Still, our heart and desire could not be questioned. We cannot say the same for one of the two football teams involved in the Sunday night game around which our gathering was built.

The Bears are awful. You can say it with stats (80 points allowed in the first halves of their last two games). You can see it just by watching blown coverages and listless Jay Cutler dropbacks. And you can read about it. Oh, can you read about it. Here are a couple of samples:

From the Chicago Tribune's Steve Rosenbloom: I started writing this at the end of the first quarter, hoping to get it posted by hafltime because I wanted the Bears to fire Marc Trestman before the start of the third quarter. Geez, it was 42-0, Packers, at halftime, so how much worse could it be if the coach had been whacked after two quarters? … Trestman deserves it. Bears fans deserves to see him whacked. What happened on Sunday night in front of God and NBC was a pathetic excuse for preparation and execution by a coach who has become a disaster at preparing his team to execute. The Bears organization, however, deserves to see Trestman stay because those wonks are too stupid to know how awful this is.

Per ESPNChicago's Jon Greenberg: If Virginia McCaskey sent me a telegram asking for my advice on how to fix the Chicago Bears, this is what I'd write back to her: Fire everyone you can. Cut the rest. Sell the team. Sure, that's harsh advice for the proud matriarch of Papa Bear's franchise.

But after another blowout loss for a completely listless squad, it's an idealistic checklist of what the Bears need to do in the next couple of months to right this sinking ship. Fire coach Marc Trestman and his staff and general manager Phil Emery. Get the new guys to blow up the roster. Convince the McCaskey family to sell the franchise to someone with a couple of billion dollars and a clue. Or you know, just keep practicing hard and praying for good results. Whatever works.

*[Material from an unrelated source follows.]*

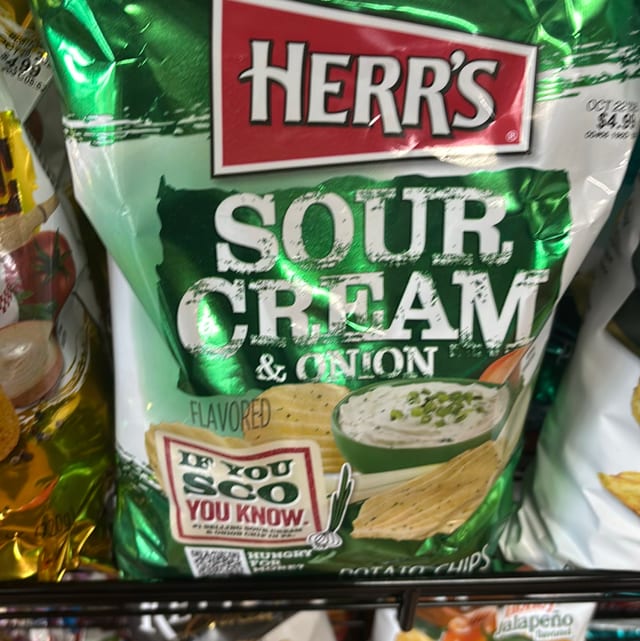 LG Sour Cream & Onion Chip.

I don't want to overreact in the wake of a nationally televised 55-14 debacle to the Green Bay Packers on Sunday night at Lambeau Field, but what else is there to say about a team that is not just bad, but awful in every phase of the game?

So you have a team falling apart at every seam heading home after back-to-back road drubbings to face … the Vikings.

For Minnesota's sake, we would hope the Bears don't fire Trestman yet — and that any semblance of a slow start Sunday will turn the Soldier Field faithful into full booing mode. A win for the Vikings, remember, would draw them even at 5-5 with three consecutive home games to follow. Before the season started, this game seemed like a probable loss. Now the Vikings might be able to knock the Bears over with a feather to get back to even.